**DATA:**
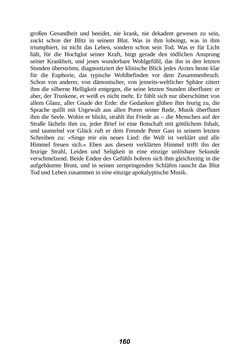 Image of the Page - 160 - in Der Kampf mit dem Dämon - Hölderlin · Kleist · Nietzsche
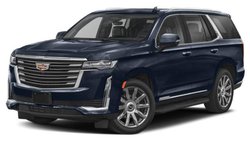 2024 Cadillac Escalade Premium Luxury Platinum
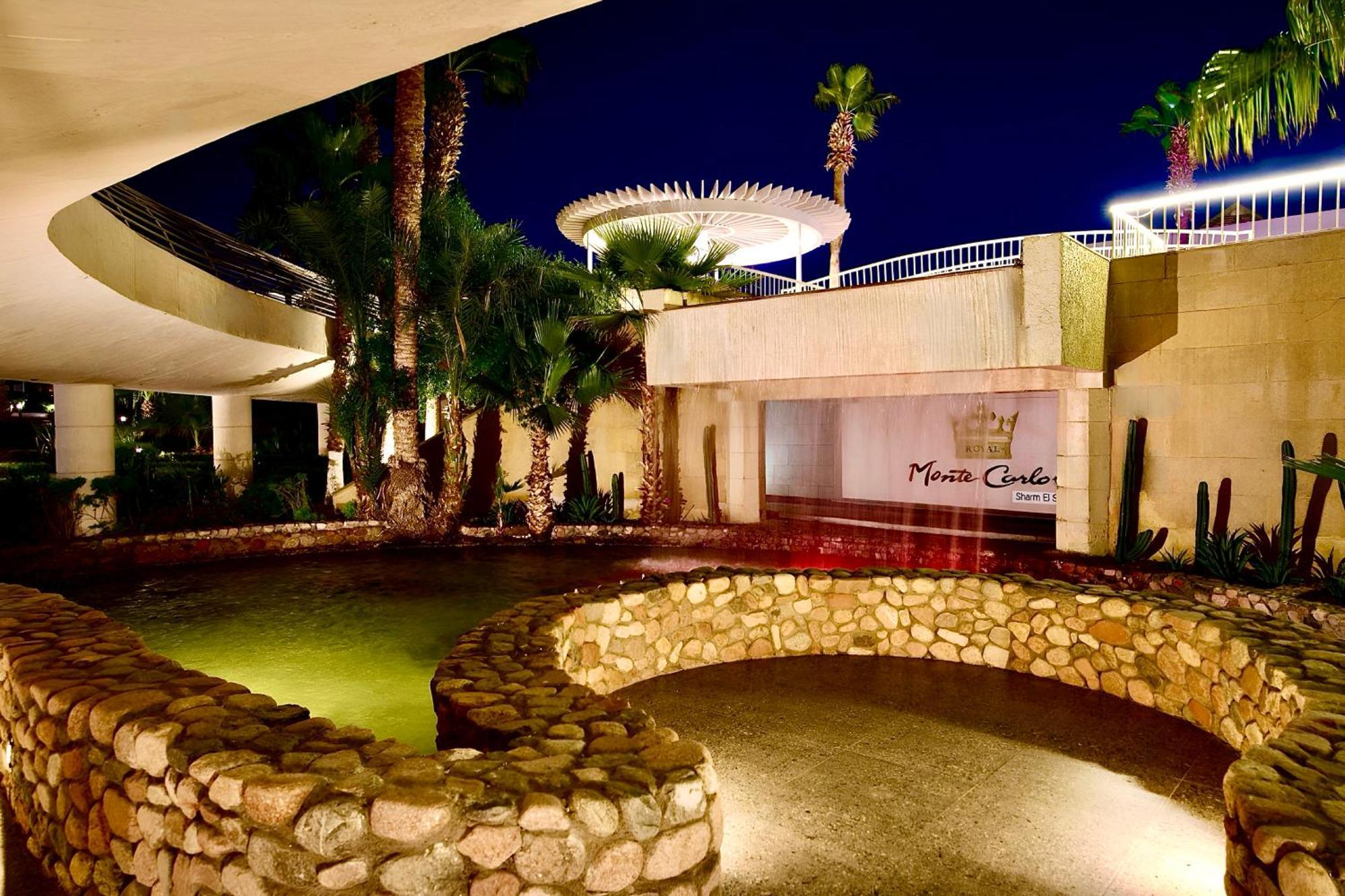 Royal Monte-Carlo Sharm Resort & Spa (Adults Only) Exterior photo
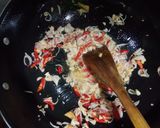 Foto langkah ke 3 dari resep Cah jamur jagung.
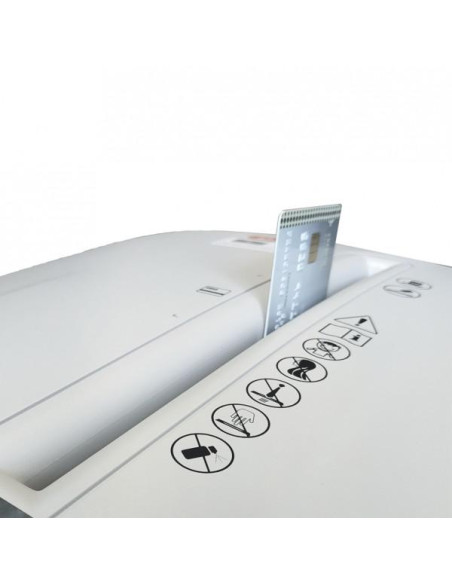 DESTRUCTORA DHP PS-12C PARTICULAS P-3 10H 22L DESTRUCTORA DHP PS-12C PARTICULAS P-3 10H 22L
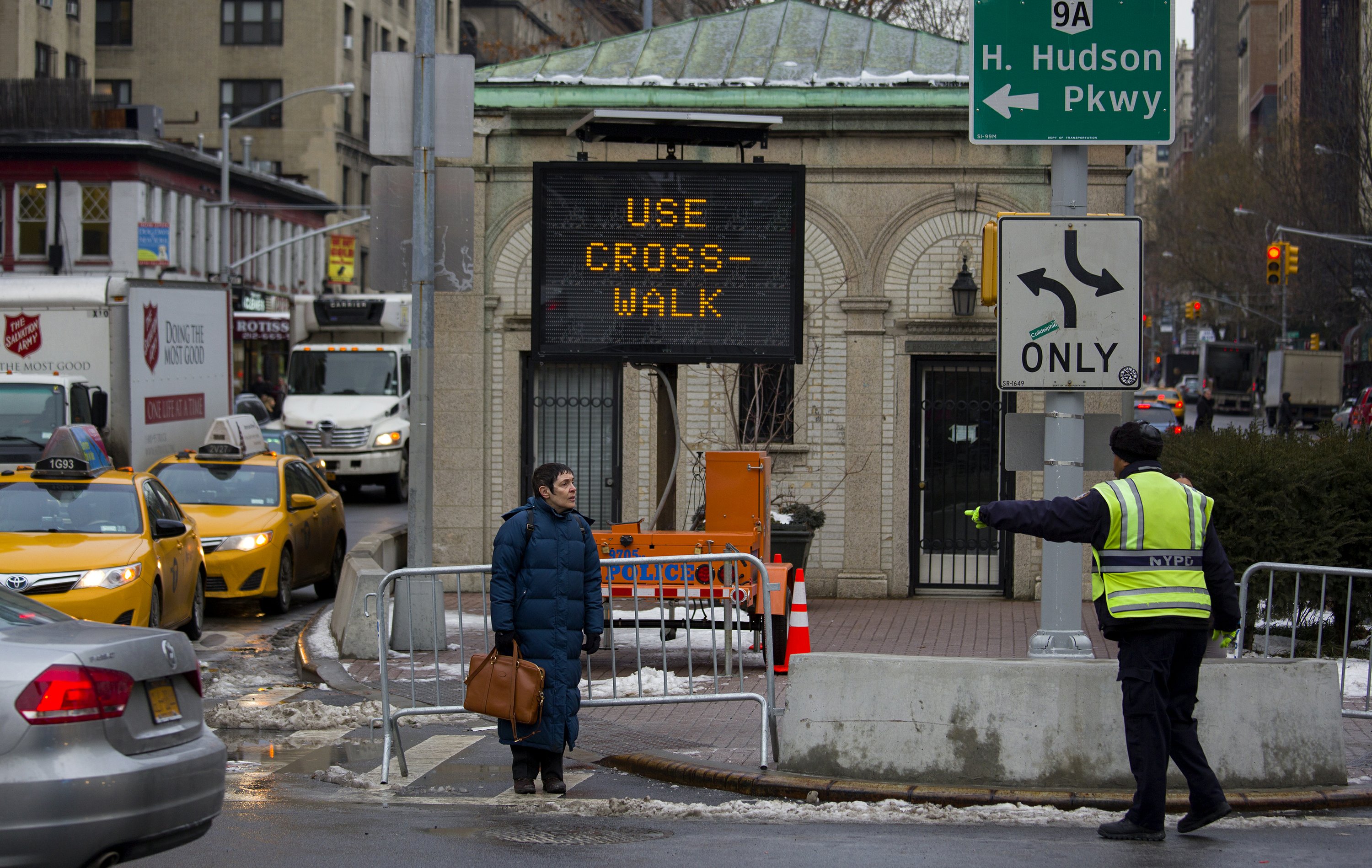 New York City: Are Pedestrian Crossings Safe for Blind People?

**ASSIGNED TASK:**
Keep pictures out and return the lines from the one containing "Foto langkah ke" through the end of the listing, both included, character for character.

**WRITTEN RESPONSE:**
 Foto langkah ke 3 dari resep Cah jamur jagung.
 DESTRUCTORA DHP PS-12C PARTICULAS P-3 10H 22L DESTRUCTORA DHP PS-12C PARTICULAS P-3 10H 22L
 New York City: Are Pedestrian Crossings Safe for Blind People?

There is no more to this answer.